Google Chrome is turning 15 and to celebrate the occasion, Google is overhauling Chrome on desktop and adding in brand new features.
The official blog post details how, in the coming weeks, Google will update Chrome’s UI based on Material You design language. According to the post, the redesign will refresh Chrome’s icons to make them more legible as well as create new color palettes that better complement your tabs and toolbar. These changes make it much easier to distinguish between profiles, like your work and personal accounts. Chrome will also be better integrated with your operating system so it can adapt to OS-level changes like dark mode.
Other quality-of-life changes include a more comprehensive menu for faster access to extensions, Google Translate, Password Manager, and more. This redesign had been first announced and pushed down through Google Canary earlier in 2023 and now regular users will finally get to reap the benefits.
The Chrome Web Store is also getting redesigned, with a fresh interface to make finding extensions easier. This includes extension categories – like AI-powered extensions and Editors' spotlight – as well as personalized results. Safety Check is also getting expanded to better identify extensions that have been recently unpublished, are in violation of policies, or are potentially malicious. And thanks to third-party tools, businesses can also risk-access extensions before applying them broadly.
Over the past few months, Chrome has been getting updates to make search much easier and safer, as well as several new features on its mobile version that enhance search capabilities and convenience. And now Google Safe Browsing, which automatically blocks potentially dangerous websites, will be upgraded as well. To combat the speed and sheer numbers of new phishing websites, Safe Browsing will begin checking sites against Google’s known bad site lists in real-time.
Google Chrome isn’t perfect
Seeing all these quality-of-life changes and security improvements is certainly good news. However, not everything is all well, as the browser still has plenty of issues that need addressing.
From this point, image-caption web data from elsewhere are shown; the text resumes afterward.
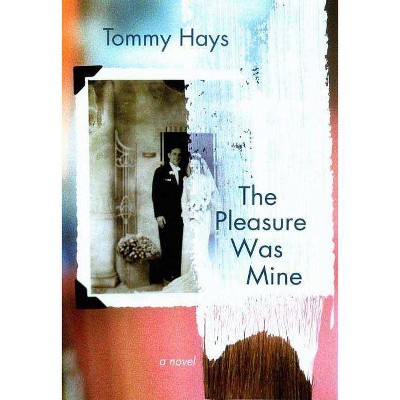 The Pleasure Was Mine - by  Tommy Hays (Paperback)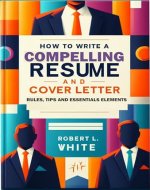 HOW TO WRITE A COMPELLING RESUME AND COVER LETTER: Rules, Tips and Essential Elements - Book Cover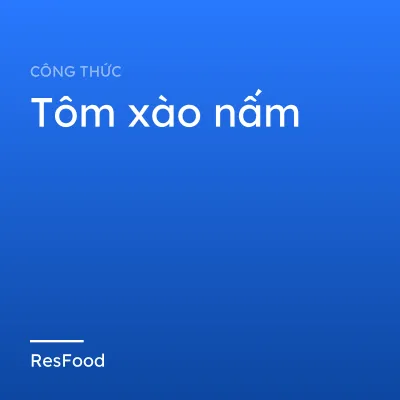 Công thức và cách làm món tôm xào nấm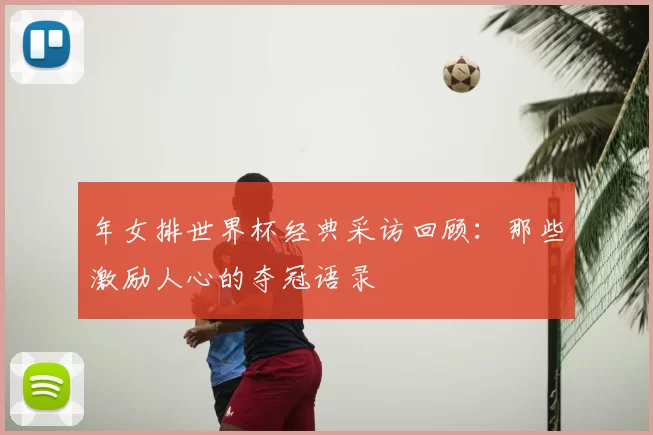 年女排世界杯经典采访回顾：那些激励人心的夺冠语录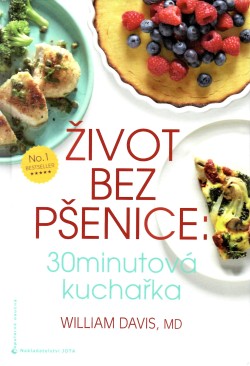 Život bez pšenice: 30minutová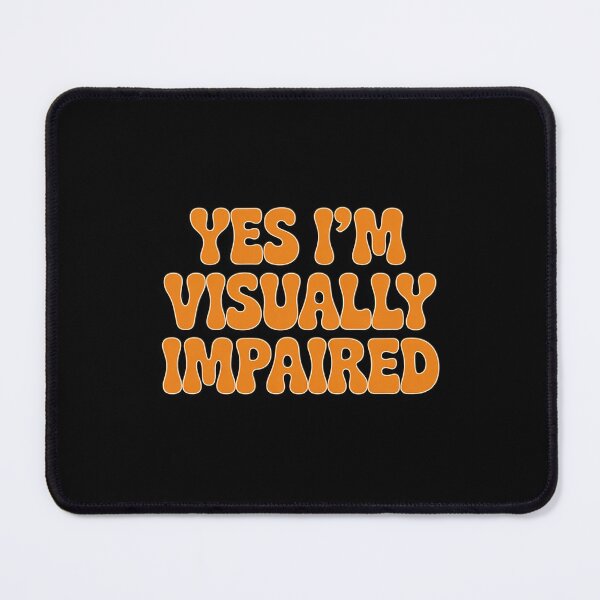 Item preview, Blind Yes I'm Visually Impaired designed and sold by NetoGalaxy.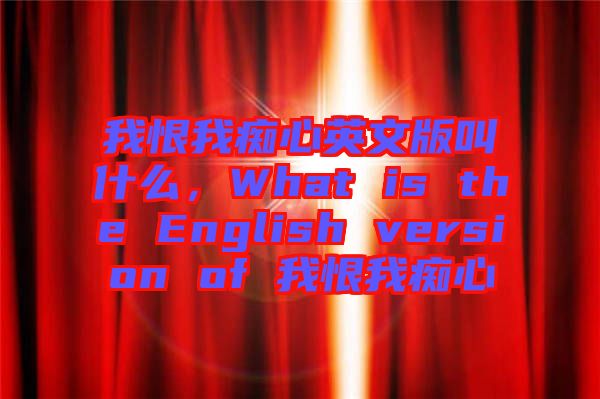 我恨我癡心英文版叫什么，What is the English version of 我恨我癡心
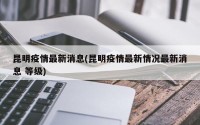 昆明疫情最新消息(昆明疫情最新情况最新消息 等级)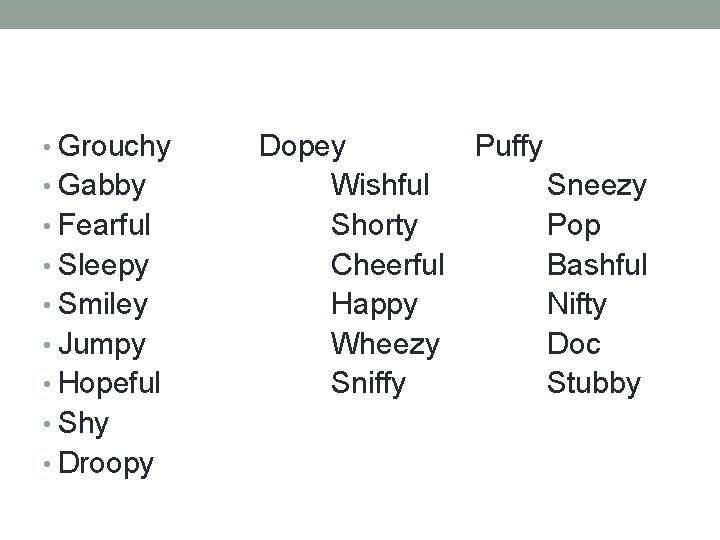 • Grouchy • Gabby • Fearful • Sleepy • Smiley • Jumpy • • Grouchy • Gabby • Fearful • Sleepy • Smiley • Jumpy •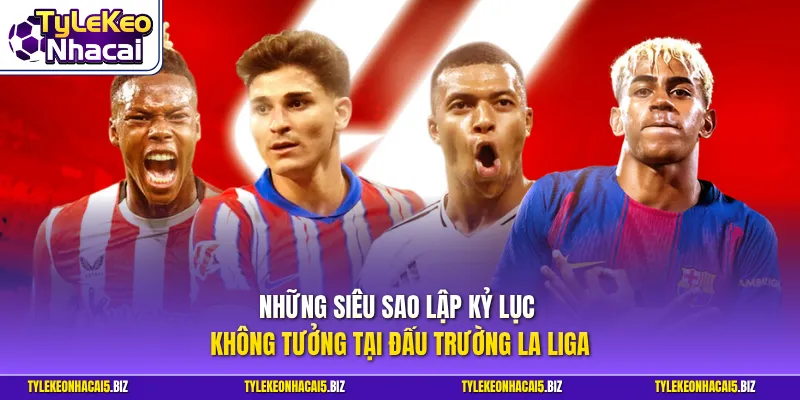 Những siêu sao lập kỷ lục không tưởng tại đấu trường La Liga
The biggest and most pervasive issue is privacy. While you may have adblockers keeping you safe from third-party trackers, Google itself is collecting data through its own browser and compiling it, creating detailed profiles on you to sell to advertisers and other websites. And while you can turn off certain settings, it doesn't entirely qualify as protecting your privacy.
There’s also the fact that extensions can be made and uploaded on the Google Web Store in order to steal password data in plaintext source code from other websites. This was proven thanks to a proof-of-concept ChatGPT Chrome extension created by researchers from the University of Wisconsin-Madison. What makes this especially dangerous is that many popular websites like Gmail, Facebook, and Amazon use plaintext to store passwords. And because the extension doesn't contain malicious code or retrieve code from external sources, it is compliant with Manifest V3, which is a protocol that’s supposed to protect against such abuse in the first place.
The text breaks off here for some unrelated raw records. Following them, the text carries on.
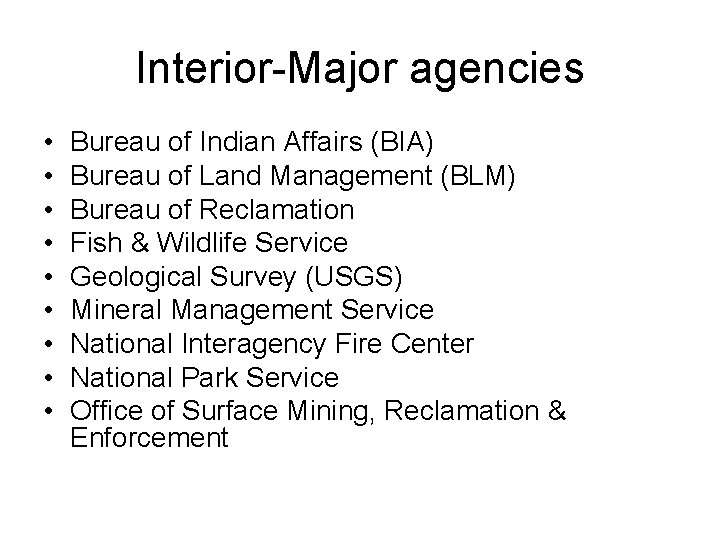 Interior-Major agencies • • • Bureau of Indian Affairs (BIA) Bureau of Land Management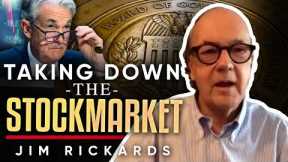 💥 The Big Crash: The Takedown of the Stock Market 📉 - Jim Rickards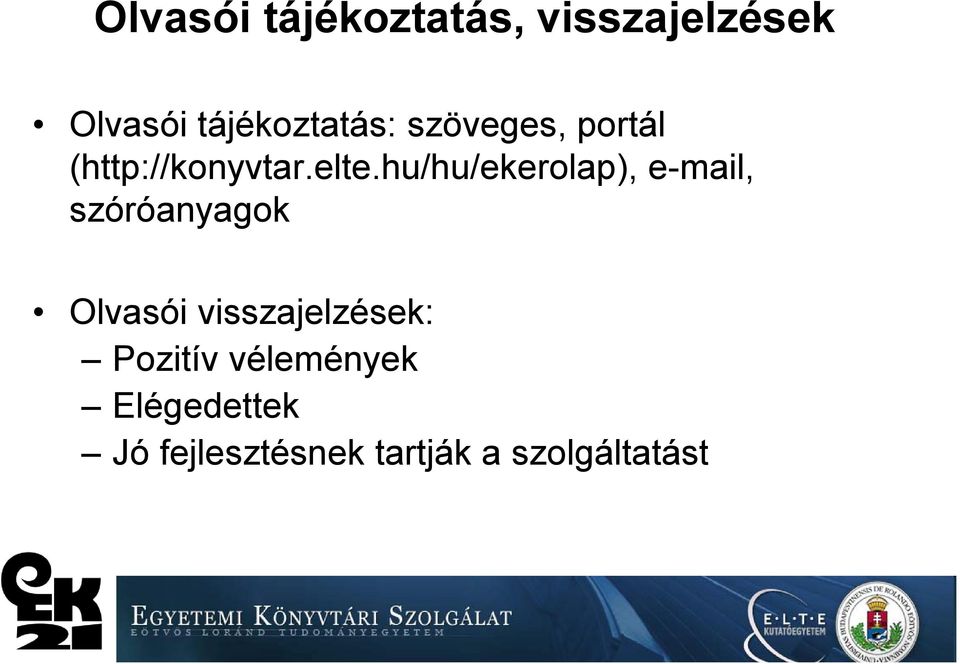 hu/hu/ekerolap), e-mail, szóróanyagok Olvasói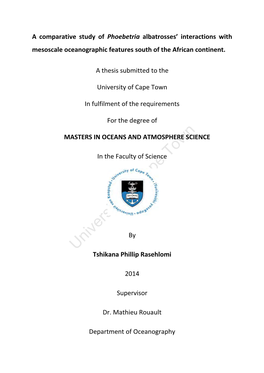 A Comparative Study of Phoebetria Albatrosses' Interactions With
Manifest V3 is its own can of worms, as the biggest controversy to stem from it is that it will break ad blockers thanks to it being able to deprecate certain capabilities of the WebRequestAPI that ad-blocking extensions require to function. Since then, its launch has been delayed several times, but eventually, it will be released and will cause major issues for users relying on adblockers to protect private information.
Our suggestion? Consider switching from Google Chrome to the king of browsers instead.